(Data)

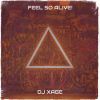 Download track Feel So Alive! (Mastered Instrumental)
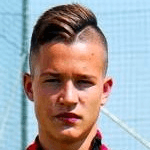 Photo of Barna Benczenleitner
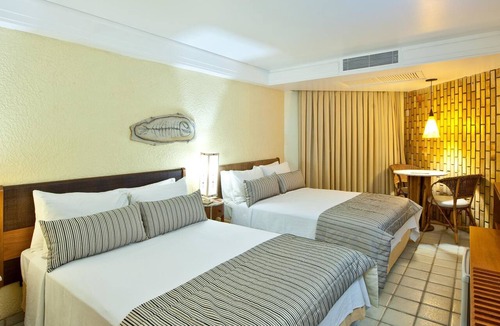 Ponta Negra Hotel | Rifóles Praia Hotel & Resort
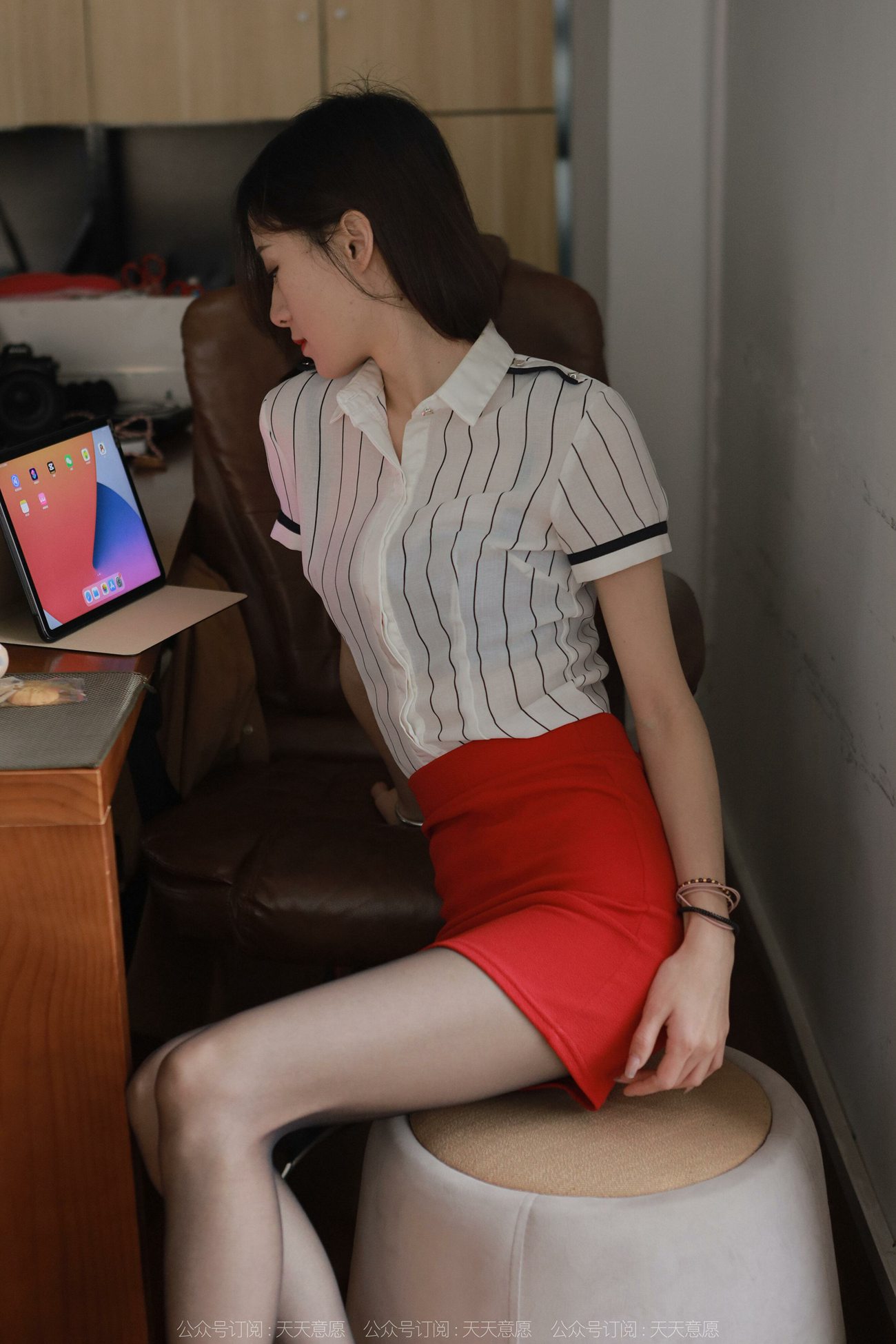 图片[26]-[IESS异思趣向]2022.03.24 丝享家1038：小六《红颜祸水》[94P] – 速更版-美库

(End Data)
(Data)

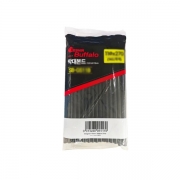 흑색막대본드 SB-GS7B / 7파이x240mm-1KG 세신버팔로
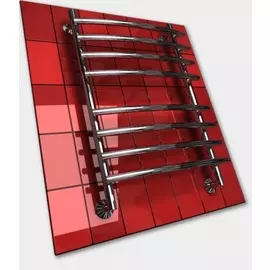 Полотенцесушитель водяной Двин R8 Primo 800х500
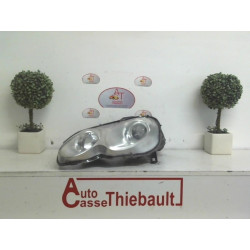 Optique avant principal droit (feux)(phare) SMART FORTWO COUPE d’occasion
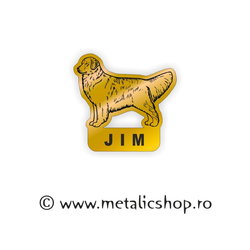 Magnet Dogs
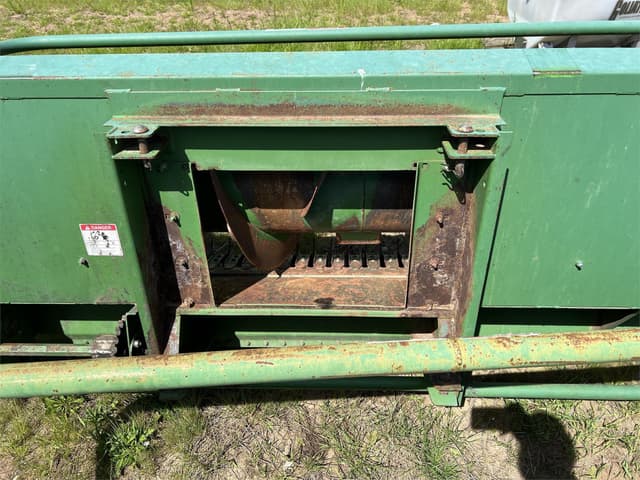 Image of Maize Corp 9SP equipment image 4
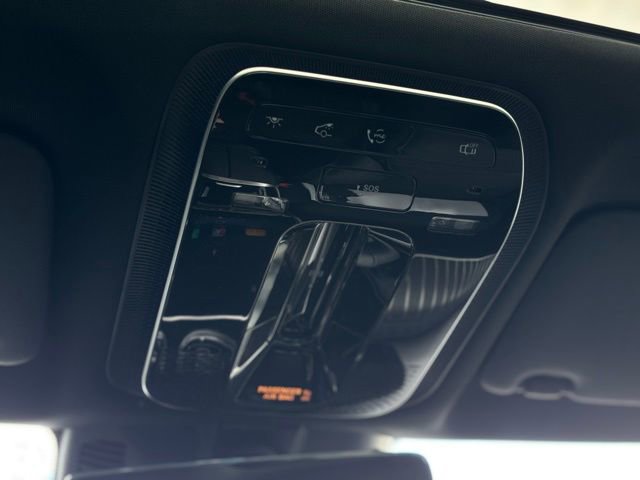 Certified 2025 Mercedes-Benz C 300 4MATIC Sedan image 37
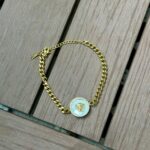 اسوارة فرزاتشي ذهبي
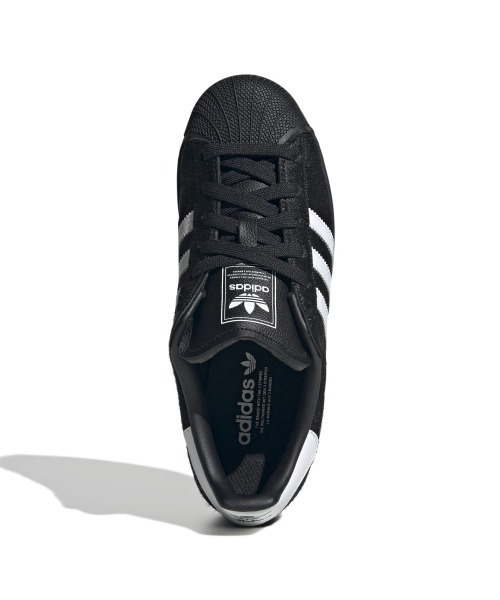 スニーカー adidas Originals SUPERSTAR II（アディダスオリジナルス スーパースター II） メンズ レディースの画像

(End Data)

• _Exercise description_
From the listing above, repeat only the lines between the line containing "Ponta Negra Hotel" and the line containing "图片[26]-[IESS异思趣向]2022.03.24 丝享家1038：小六《红颜祸水》[94P] –", those two included. Pictures are not part of the copy.

• _Response_
 Ponta Negra Hotel | Rifóles Praia Hotel & Resort
 图片[26]-[IESS异思趣向]2022.03.24 丝享家1038：小六《红颜祸水》[94P] – 速更版-美库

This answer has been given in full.